■ What you will do:
Each line in the material below, starting at the one with "Now let's take" and ending at the one with "So we're going", is to be reproduced exactly; no picture is to be copied.

■ Supplied data:
▶

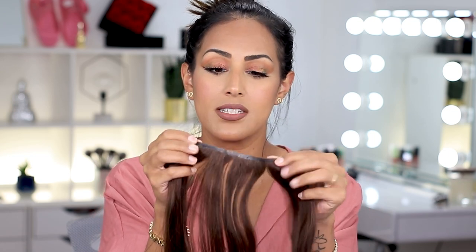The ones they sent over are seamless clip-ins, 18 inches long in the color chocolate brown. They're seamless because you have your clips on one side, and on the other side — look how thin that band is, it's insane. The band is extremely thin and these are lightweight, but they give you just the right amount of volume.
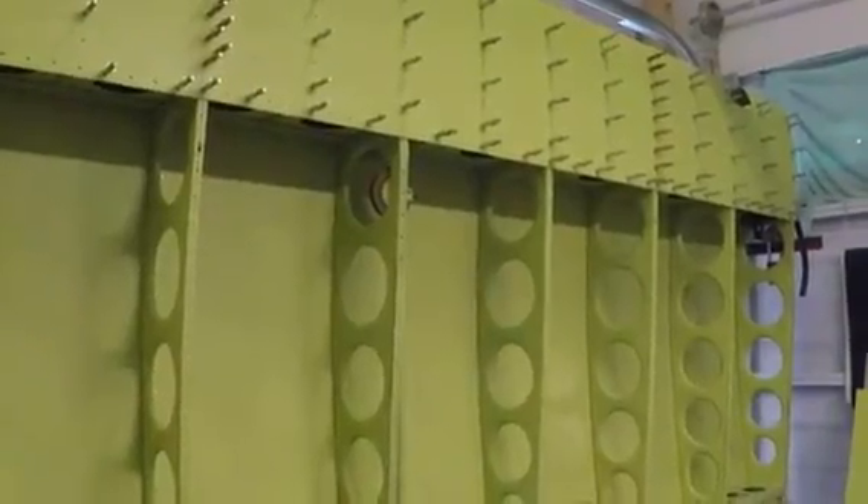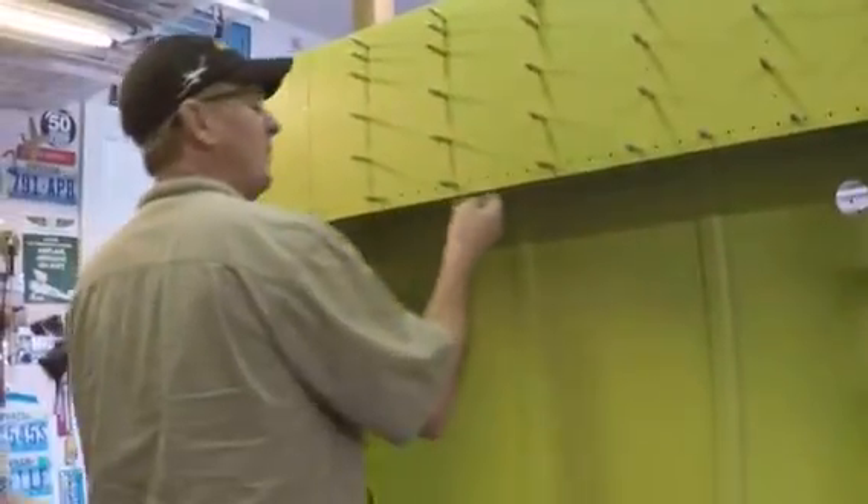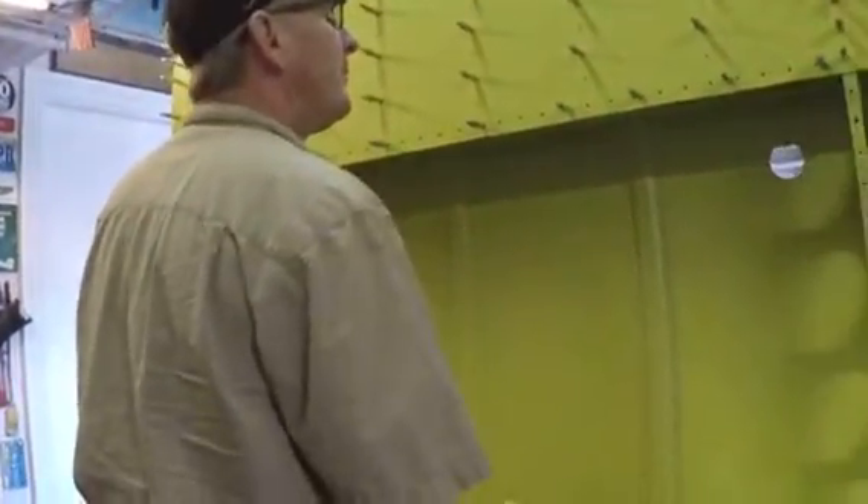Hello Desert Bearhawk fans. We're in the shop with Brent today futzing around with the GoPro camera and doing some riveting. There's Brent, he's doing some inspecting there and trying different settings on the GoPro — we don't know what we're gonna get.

◀
▶

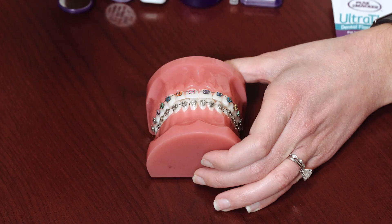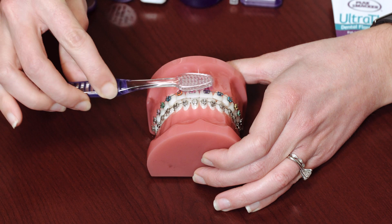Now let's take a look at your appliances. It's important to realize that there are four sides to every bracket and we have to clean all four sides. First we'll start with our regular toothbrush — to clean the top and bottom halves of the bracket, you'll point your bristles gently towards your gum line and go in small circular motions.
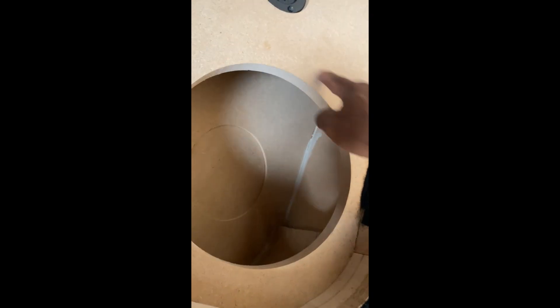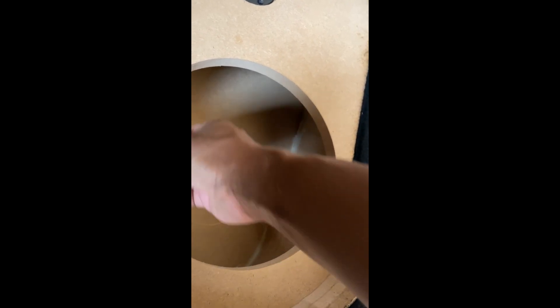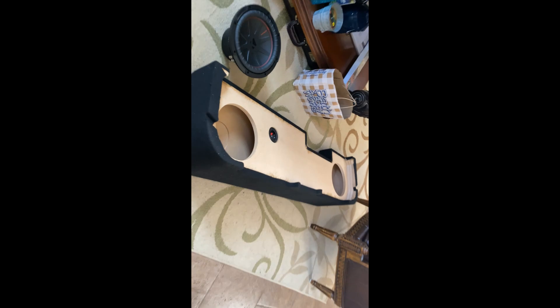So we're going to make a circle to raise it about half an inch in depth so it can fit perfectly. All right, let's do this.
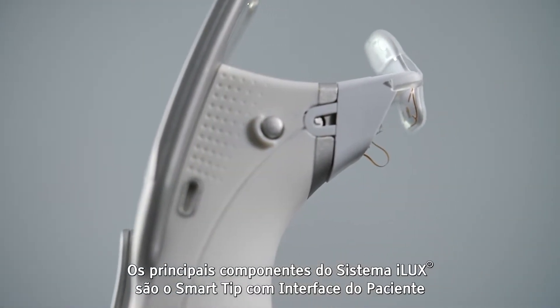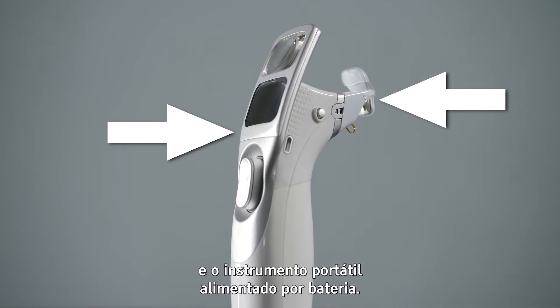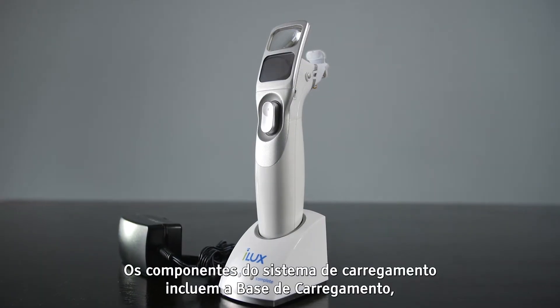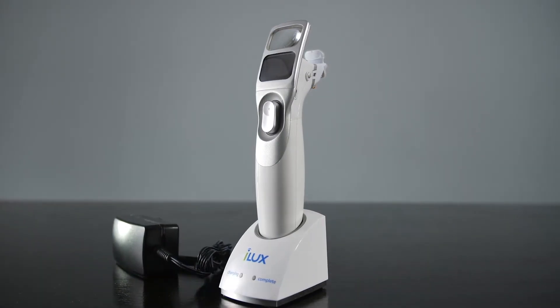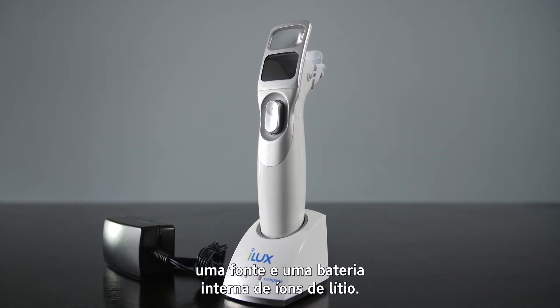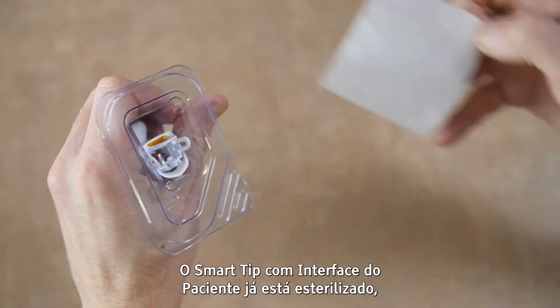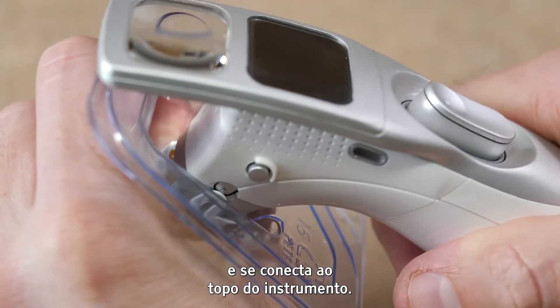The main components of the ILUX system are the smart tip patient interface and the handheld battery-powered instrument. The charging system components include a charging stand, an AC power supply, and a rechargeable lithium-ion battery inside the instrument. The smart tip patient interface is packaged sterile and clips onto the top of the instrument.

◀
▶

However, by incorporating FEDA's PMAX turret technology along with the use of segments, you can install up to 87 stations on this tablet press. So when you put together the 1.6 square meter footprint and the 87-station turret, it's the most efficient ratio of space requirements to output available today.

◀

■ Response:
Now let's take a look at your appliances. It's important to realize that there are four sides to every bracket and we have to clean all four sides. First we'll start with our regular toothbrush — to clean the top and bottom halves of the bracket, you'll point your bristles gently towards your gum line and go in small circular motions.
So we're going to make a circle to raise it about half an inch in depth so it can fit perfectly. All right, let's do this.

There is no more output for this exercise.